Alex Beckett wird noch immer von den traumatischen Erlebnissen verfolgt, in deren Verlauf sie von ihrem Vater Danny vor dem Zugriff einer seltsamen Redneck-Gemeinde bewahrte wurde. Ansonsten läuft es bei ihr aber super.
Sie hat sich gut an ihrem neuen College eingelebt. Schüler und Lehrkörper respektieren ihr Können und sie hat einen netten Verehrer. Und auch mit der Familie ist alles in Ordnung. So sehr, dass sie sich regelrecht darauf freut, ihren Vater und ihre Mutter in den nächsten Tagen zu besuchen.
Doch dazu soll es gar nicht kommen, denn auf einmal steht ein totgelaubter alter Bekannter vor Alex und verschleppt sie erneut in seine nach wie vor existente Gemeinde. Als Danny Beckett davon Wind bekommt, zieht er umgehend los, um seine Tochter zu befreien.
Schaut in den Actionthriller hinein
Eine Meile mal zwei
„One Mile: Chapter Two“ kommt etwas schneller aus dem Startblock als der Vorgänger. Was nicht verwundert, sind die wesentlichsten Figuren doch allesamt etabliert. Entsprechend präsentiert der Film zunächst nur kurze Ausschnitte aus dem Leben seiner Helden seit den Vorgängen in „Chapter One“. Danny versucht, sich in seinem neuen Leben ohne Armee zurechtzufinden und sucht etwa einen neuen Job. Alex genießt ihr College-Leben mitsamt Lehrinhalten und fröhlichen Partys. Bei beiden blitzen aber immer mal wieder Erinnerungen an die traumatischen Vorgänge aus „Chapter One“ auf.

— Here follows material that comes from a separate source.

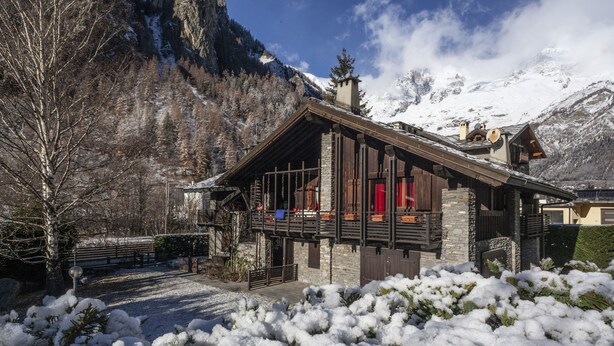 Un chalet con un balcone, pareti in pietra e vista sulle montagne innevate.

Haben die Lumpen dann Alex verschleppt, spürt man als Zuschauer sofort, wie die verbleibenden gerade mal 60 Minuten ablaufen müssen. Doch Regisseur Adam Davidson („Shooter“) findet wie schon beim Vorgänger einfach nicht das Gaspedal. Sein „One Mile: Chapter Two“ bleibt seltsam betulich. Man spürt, dass der Filmemacher diesmal gerne die Dynamik der Figuren in der Redneck-Gemeinde durchleuchten würde, aber er hat tatsächlich nichts zu erzählen, was interessant wäre.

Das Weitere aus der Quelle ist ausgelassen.